My oldschool little brick of a phone finally went kaput today after over two years. Now, with my family's verizon contract, I can get an upgrade free of charge for certain kinds of phones.
I've gone this long without a smart phone, but it looks like the only ones that are free or below thirty bucks are smart phones.

The cheap-looking flip phones? between 100 and 150 bucks easy. Now, I don't know the business reasons behind this and i don't really care too much.

However, the next time i hear or read someone goin off about "why all these homeless folks walkin round with iphones?" I can inform them based on actual first hand experience that a lot can change in one or two or however many years before your phone breaks.

Need a new phone and don't have much money for anything, well the contract you signed way back in the day says you can get this iphone 5c for free or this iphone 4s for 99cents or all this samsung for...well you get it.

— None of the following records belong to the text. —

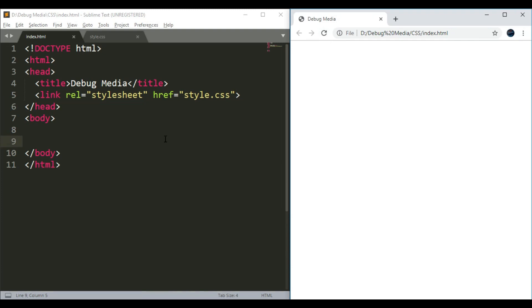Hi guys, welcome back to Debug Media. In this tutorial, we need to implement the inline-block element in CSS.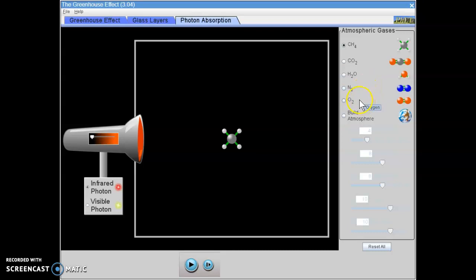And lastly, oxygen. It's about 20% of our atmosphere and it's the gas that us and most other living things need in order to stay alive.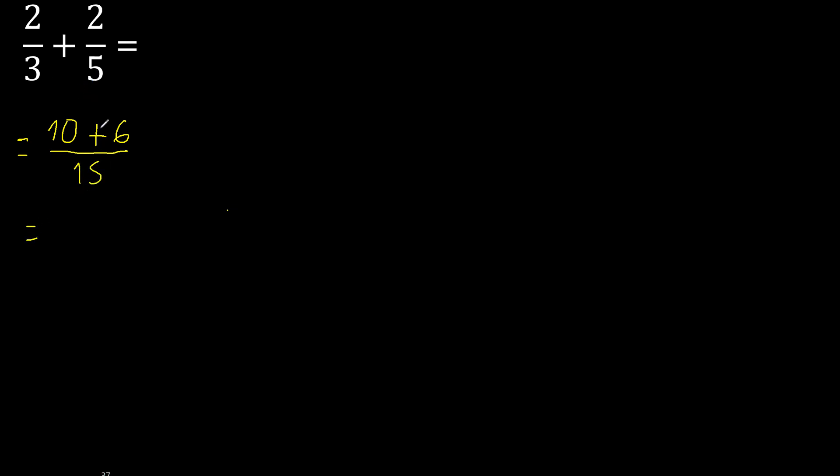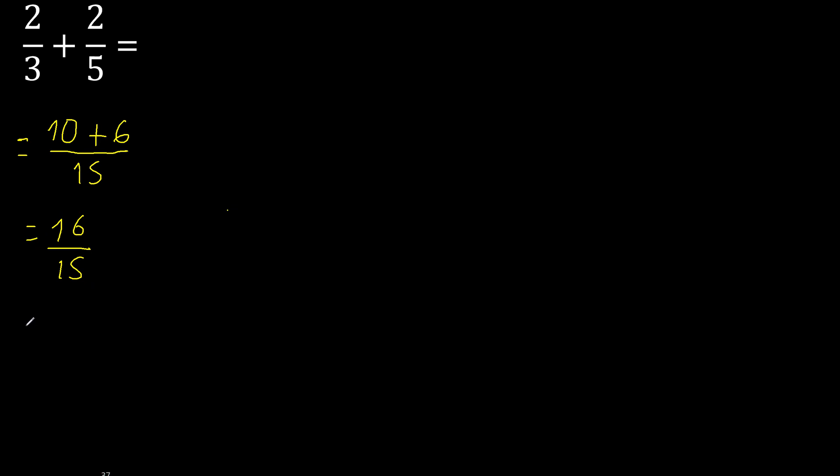16. 15 cannot be simplified, but 16 is greater than 15, therefore convert.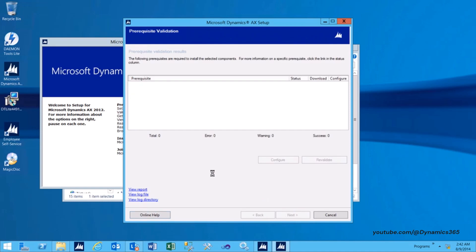All prerequisites should be met. In case any prerequisites fail, the Download link or Configure option can be used to configure the prerequisites where applicable.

Whether folks got a nice phone before their situations got as rough as you can see or they got it for free under a plan they've had for a long ass time (or whatever the situation because it's none of your business) it's not and has never been about some sort of irresponsible allocation of resources.

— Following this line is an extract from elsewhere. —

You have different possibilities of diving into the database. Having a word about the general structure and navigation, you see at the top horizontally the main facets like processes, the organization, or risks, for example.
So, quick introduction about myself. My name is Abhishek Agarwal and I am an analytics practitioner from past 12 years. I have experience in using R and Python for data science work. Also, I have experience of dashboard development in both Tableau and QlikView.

Those with affluence have always looked for ways to justify why others go without, and this tactic of pointing out the little that those on the bottom of society's food chain do have is purposefully distracting from real social ills.

If you have money, that does not mean that you are in any way better equipped to handle the responsibility of having money.
 
And speaking of smart phones, what kind of patronizing, hypocritical a-hole do you have to be to care more about a human being who is starving will do with your pocket change than what a multinational corporation will do with a huge chunk of your paycheck every month?

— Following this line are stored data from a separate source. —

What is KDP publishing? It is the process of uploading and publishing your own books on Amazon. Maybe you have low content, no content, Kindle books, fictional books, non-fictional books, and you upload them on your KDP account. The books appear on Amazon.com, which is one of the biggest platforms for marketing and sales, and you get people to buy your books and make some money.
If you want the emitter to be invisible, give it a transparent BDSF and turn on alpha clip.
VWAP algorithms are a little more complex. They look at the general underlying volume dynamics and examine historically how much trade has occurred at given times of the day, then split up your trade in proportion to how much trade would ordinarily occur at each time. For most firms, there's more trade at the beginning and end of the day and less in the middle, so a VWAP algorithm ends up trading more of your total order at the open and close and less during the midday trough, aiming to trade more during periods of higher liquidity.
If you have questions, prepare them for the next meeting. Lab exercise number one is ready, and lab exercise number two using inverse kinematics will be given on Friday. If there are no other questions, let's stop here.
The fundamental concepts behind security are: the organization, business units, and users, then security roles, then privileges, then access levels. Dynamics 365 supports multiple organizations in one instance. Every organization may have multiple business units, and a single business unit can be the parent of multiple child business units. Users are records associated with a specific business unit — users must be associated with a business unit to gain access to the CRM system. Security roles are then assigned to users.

Do you really care more about how that guy might be lying to you—the one who politely asks if you can offer anything so he and his family might get some bread or water or tickets for a bus to a better town? Is that legitimately more important to you than the amount you hand over gratefully to corporations whose track records are well known to care so little for human life or worker's rights or the environment?

Because we know this isn't really about whether or not your quarter or your dollar bill goes to a sandwich or to booze.
 
It's a good excuse for a distracting tangential conversation about socially conscious macroeconomics and other bullshit we don't really care about while we sip our lattes. Maybe later we can smoke some pot and listen to covers of Pete Seeger and act like we give a damn about the world before Monday comes around and we head back to a job we hate but it pays the bills and for our xbox live gold membership.

Nah, what this is about is karma, plain and simple.

We still believe that we deserve the good stuff that happens to us while all the bad stuff is unjust.
 
We still believe that others most have done something to deserve the bad stuff that happens to them, while growing ever jealous of how all the good stuff happens to other people who don't really deserve it.

And on the off chance some real person could really use some real help, why bother, right? I mean, c'mon, some of "those people" have smartphones.